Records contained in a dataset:
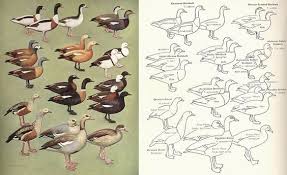 Birds Of South Africa Identification Shelduck Breeds Orinoco Goose And Egyptian Goose Duck Species Duck Identification Wild Duck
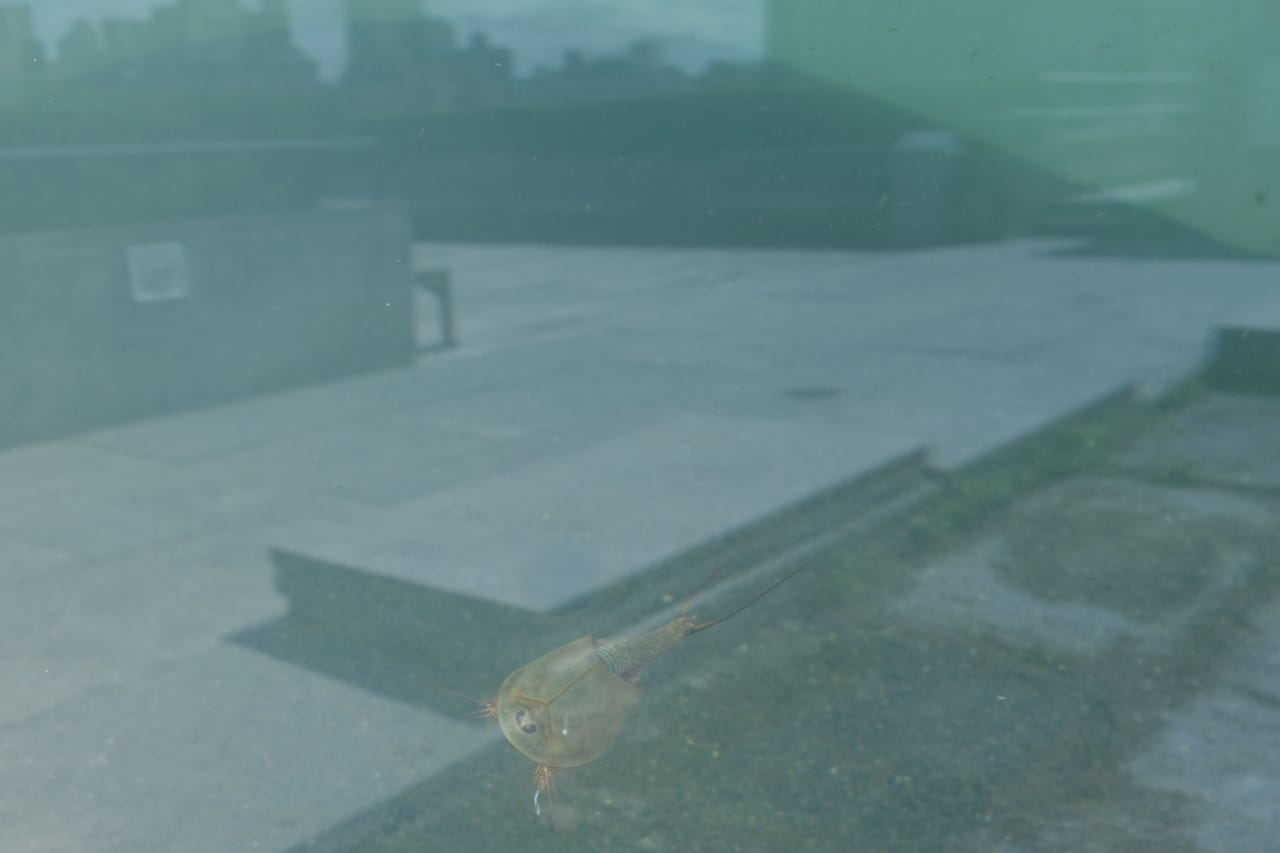 Pierre Huyghe: The Roof Garden Commission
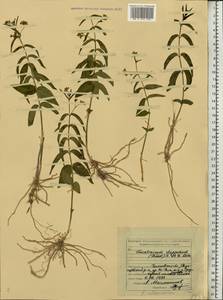 Vincetoxicum hirundinaria subsp. stepposum (Pobed.) Markgr., Eastern Europe, Middle Volga region (E8) (Russia)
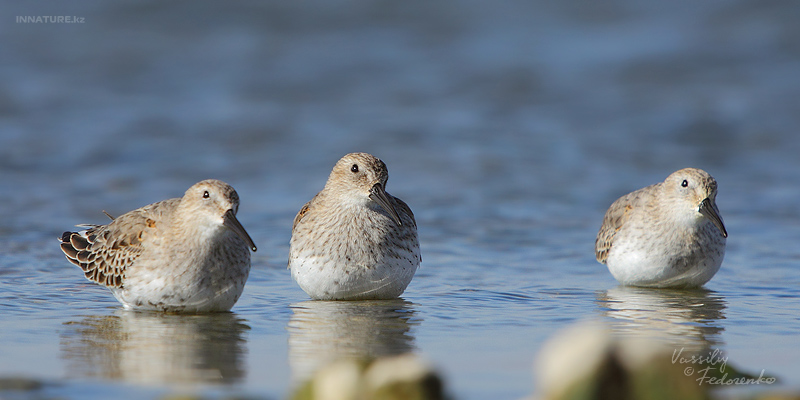 calidris-alpina_01_1.jpg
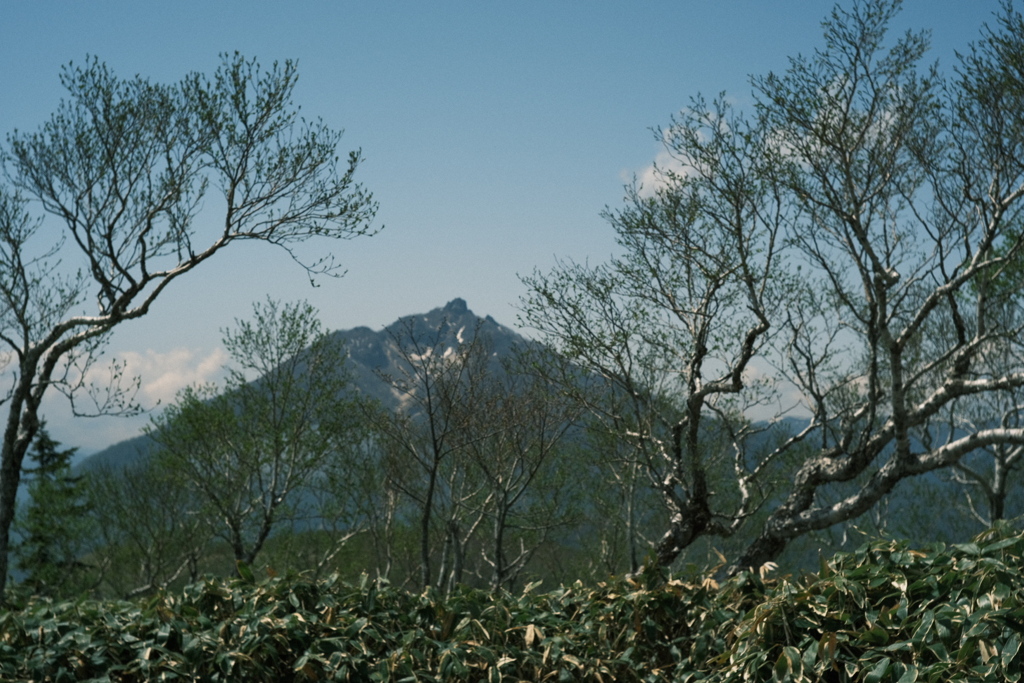 R5.05.20_夫婦登山_イチャンコッペ山④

**What you need to do:** Every record above must reappear exactly in the answer, minus its pictures.

**Output below:**
 Birds Of South Africa Identification Shelduck Breeds Orinoco Goose And Egyptian Goose Duck Species Duck Identification Wild Duck
 Pierre Huyghe: The Roof Garden Commission
 Vincetoxicum hirundinaria subsp. stepposum (Pobed.) Markgr., Eastern Europe, Middle Volga region (E8) (Russia)
 calidris-alpina_01_1.jpg
 R5.05.20_夫婦登山_イチャンコッペ山④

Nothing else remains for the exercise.